Don Dodge has an intriquing post on how search engines rank pages for on page factors which he equates to the long tail of search; Don knows a great deal about on page ranking factors as he used to work for AltaVista as director on Engineering.
"Amazingly, just 10 words account for 25% of the words found in a typical paragraph."
Using The Oxford English Corpus, the largest English language corpus of its type and If you were to read through the corpus, one word in four would be an example of one of these ten lemmas (below) care of Alex Barnet’s blog.
| Vocabulary size (no. lemmas) | % of content in OEC | Example lemmas |
|---|---|---|
| 10 | 25% | the, of, and, to, that, have |
| 100 | 50% | from, because, go, me, our, well, way |
| 1000 | 75% | girl, win, decide, huge, difficult, series |
| 7000 | 90% | tackle, peak, crude, purely, dude, modest |
| 50,000 | 95% | saboteur, autocracy, calyx, conformist |
| >1,000,000 | 99% | laggardly, endobenthic, pomological |
This is what one long-tailed tagcloud might look like:
The most basic and important factor in ranking search results is the uniqueness of the words contained in the query. All known words are given a weighting factor with the most rare words given the highest ranking. The most common words are ignored, and some common words typically used in spam are given a negative weighting according to Don Dodge.
Here are some tips Don Dodge came up with to improve organic search results
Hint #1 - Don’t use common words, or words typically associated with spam. Viagra will get you a negative weighting unless you are from the drug industry and have reputable links to your page.

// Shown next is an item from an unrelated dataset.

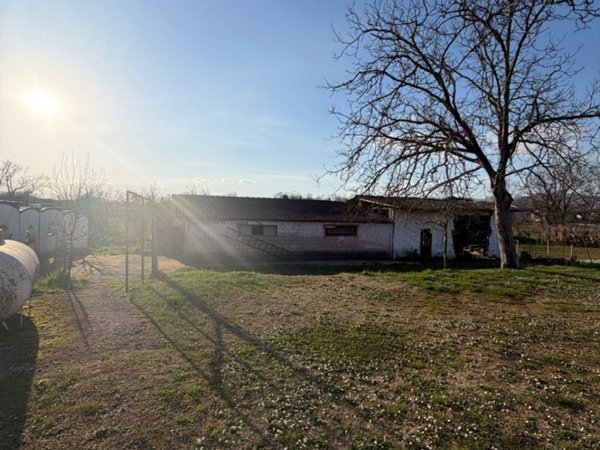 casa indipendente in vendita ad Alatri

Hint #2 - The frequency of a word on a page, and the position of the word on the page, are very important factors in ranking results. However, use a word too often and it will be detected as spam, and given a huge negative weight. For example, in the early days web masters would repeat a word over and over in the text, place in in the title, meta tags, and even put it on the page in white font so the user wouldn’t see it but the search engine would. The search engines got wise to all these tricks and adjusted their algorithms accordingly.
Hint #3 - Words that appear in the title of a page are more important than the same word in the body of the text. Words that appear in bold are more important than other words.
Hints 1-3 are really standard fare for SEO; working to try to use more unique forms of a word or idea will result in higher rankings overall.